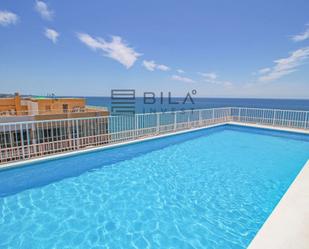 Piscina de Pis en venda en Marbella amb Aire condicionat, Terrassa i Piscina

---

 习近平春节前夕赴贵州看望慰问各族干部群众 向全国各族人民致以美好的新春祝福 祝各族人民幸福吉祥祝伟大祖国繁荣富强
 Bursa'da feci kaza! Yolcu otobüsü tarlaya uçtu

--

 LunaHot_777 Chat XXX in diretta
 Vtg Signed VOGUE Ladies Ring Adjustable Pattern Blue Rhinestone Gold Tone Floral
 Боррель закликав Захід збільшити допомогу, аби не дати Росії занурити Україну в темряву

**WORK ITEM:**
Beginning at the line with "LunaHot_777 Chat XXX in diretta" and ending at the line with "Боррель закликав Захід", reproduce each line of the data above exactly, and add no other lines.

**ANSWER TO THIS EXERCISE:**
 LunaHot_777 Chat XXX in diretta
 Vtg Signed VOGUE Ladies Ring Adjustable Pattern Blue Rhinestone Gold Tone Floral
 Боррель закликав Захід збільшити допомогу, аби не дати Росії занурити Україну в темряву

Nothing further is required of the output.